The most common problem areas in channel status implementation were historically (a) in the CRCC byte (byte 23); (b) in the signalling of pre-emphasis; (c) in the setting of the consumer/professional flag; and (d) in the indication of sampling rate. Less common problems arose when the left and right channels had different channel status data (making it difficult to decide which was correct) or where the channel status block was the wrong length (one famous example exists of a 191-byte channel status block!).
The problem with the CRCC byte was that not all transmitting devices included it at the end of the channel status block and some early devices implemented it incorrectly, thereby confusing those that expected to see the correct CRCC data. Receivers that check the CRCC will indicate an almost continuous CRC error when decoding an input signal that does not contain CRCC or where it is incorrectly implemented. The reaction of such a receiver will vary from complete refusal to accept the signal to acceptance of the signal whilst flagging a CRC error. It is impossible to state what the ‘correct’ response should be in such a case, as there is no way of telling whether the channel status data is correct or not. Interface signal processors such as the ‘fix-it’ boxes mentioned above often perform the useful function of inserting correct CRCC data into the channel status blocks of signals that lack it. It might reasonably be assumed that a device seeing CRCC bytes repeatedly set to zero would assume that it was not in use and thereafter ignore it, but this is rarely the case at present.
The type of pre-emphasis used should be indicated in bits 2–4 of byte 0 of channel status and it is possible that emphasis may have been applied to a signal without indicating this in channel status. Such incorrectness will not prevent the interface from working but may give rise to a pre-emphasized signal being carried through further stages in the signal chain without being de-emphasized. The only way to tell if a signal is pre-emphasized (when it is not indicated) is really to listen to it, since preemphasized signals will have an exaggerated HF response. The correct pre-emphasis flags may be set using a suitable interface processor, or the signal may be de-emphasized in the digital domain and the flags set to the no emphasis state.
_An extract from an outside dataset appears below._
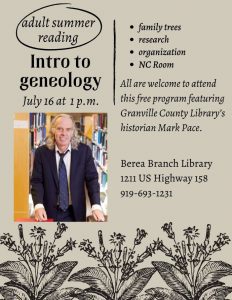 Intro to Genealogy with Mark Pace @ Berea Branch Library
Apart from the consumer/professional flag (discussed below), the sampling frequency indication is the other main area of difficulty in channel status. Not all devices indicate the sampling frequency of the signal in bits 6 and 7 of byte 0, and this can cause a lack of communication when received by a device expecting to see such data. Japanese devices in particular often will not accept data if it does not have the sampling frequency flags set correctly. There is also now the additional indication of sampling frequency in byte 4 of channel status (AES3, Amendment 3 – 1999) to complicate matters, although this is not a requirement for correct functioning of the interface. It is difficult for a receiver to know what to do when presented with a sampling rate flag that contradicts the true audio sampling rate. In such cases it might be suggested that the device should rely on its detection of the true rate rather than the indicated rate, whilst perhaps flagging a mismatch on the front panel. Some confusion also exists over the interpretation of bit 5, byte 0, which indicates ‘source sampling frequency unlocked’. The question is ‘with reference to what is the sampling frequency unlocked?’ – the internal clock, an external reference? When this bit is set to ‘0’ (the default state) nothing can be concluded about the locked state of the sample clock and many systems do not set this bit anyway. When set to ‘1’ all one can say is that there is some problem with the lock of the sample clock and that its frequency may not be relied upon. In systems synchronized to a master reference signal its presence could be used to indicate that there was a free-running clock in a source device earlier in the signal chain.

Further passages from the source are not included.